Filmed over 144 days, the production used over 2,000 crew members, 12 purpose-built soundstages, and 164 outdoor locations. For the series, 847 costumes and 1,222 accessories were specifically designed.

==International Broadcast==
For its international release, Whispers of Fate was distributed across more than 110 countries and territories, with availability on global streaming platforms such as Netflix, Rakuten Viki, iQiyi International, and WeTV. The show was localized into several languages, including English, Thai, and Vietnamese, for its simultaneous global launch.

==Reception==
===Viewership===
Since its premiere, Whispers of Fate achieved both high broadcast ratings and online streaming numbers. It has dominated both the CSM National Network and CSM-71 Cities ratings, consistently ranking first in its time slot among China's provincial satellite channels. For its release on streaming platforms, the drama becomes Migu Video's highest-rated content ever with a heat index surpassing 15,000. As of its finale, it sets a new platform record for Mango TV with 4.9 billion cumulative plays. It achieved a single-day peak of 100 million views. According to the CVB 2025 domestic TV drama viewership report released by the National Radio and Television Administration, during its broadcast on Hunan TV, Whispers of Fate achieved a local audience rating of 1.601%. The report also confirms the show garnered over 8.2 billion topic reads on Weibo and ranked first in viewership among TV dramas on Mango TV in 2025. Internationally, the series launched simultaneously across 19 platforms in over 60 global markets spanning 110 countries and territories, topping charts including Thailand's Monomax and Vietnam's FTP Play Chinese-language chart.
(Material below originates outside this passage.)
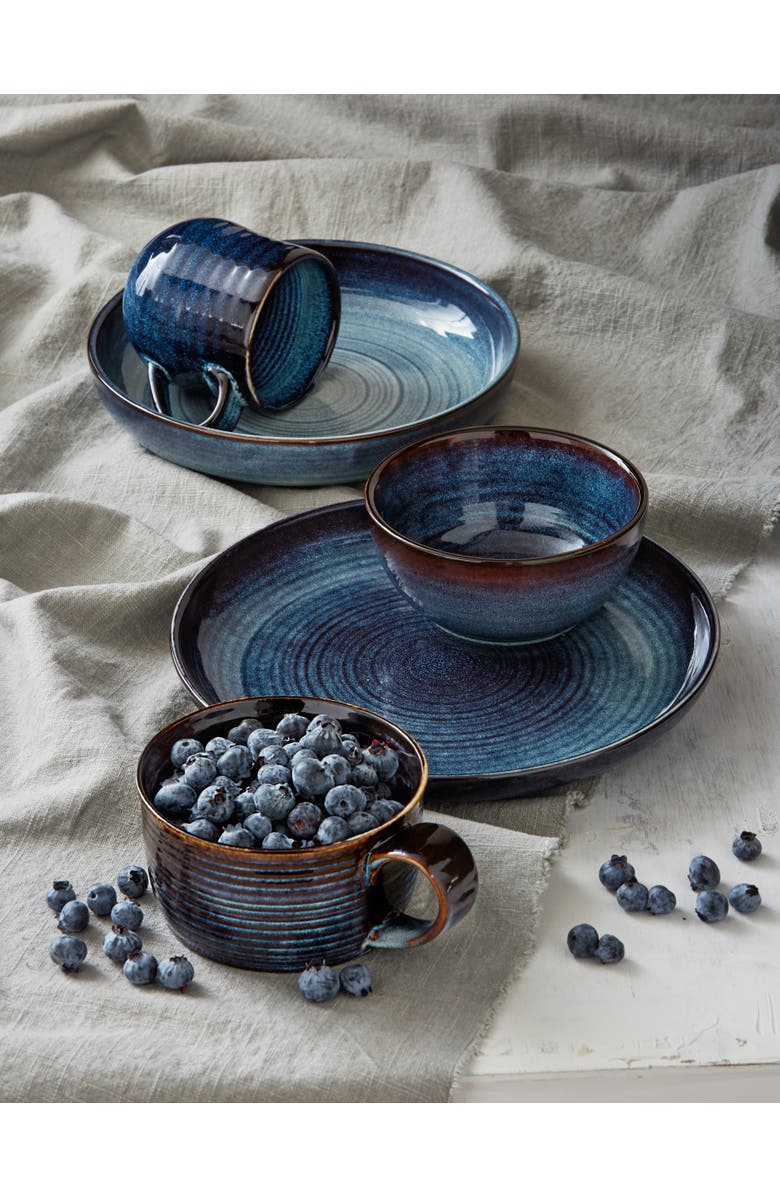 tag Loft Speckled Reactive Glaze Stoneware Dinner Plate Midnight Blue, Alternate, color, Blue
Whispers of Fate was the most watched television show on Monomax in 2025.

===Impact===
Less than a month after the finale of Whispers of Fate, its spin-off variety show "Whispers of Fate: Team Bonding in Jianghu" has surpassed 100 million views. As of 2025 December 8, official merchandise sales for Whispers of Fate have exceeded 13.6 million RMB, securing its position as the top-selling annual merchandise champion for a 2025 Chinese television drama. Luo Yunxi alone contributed to 86% of these sales. Audiences are purchasing items primarily "to compensate for the lingering regret over the characters' destinies," with non-traditional fanbase users joining in to consume.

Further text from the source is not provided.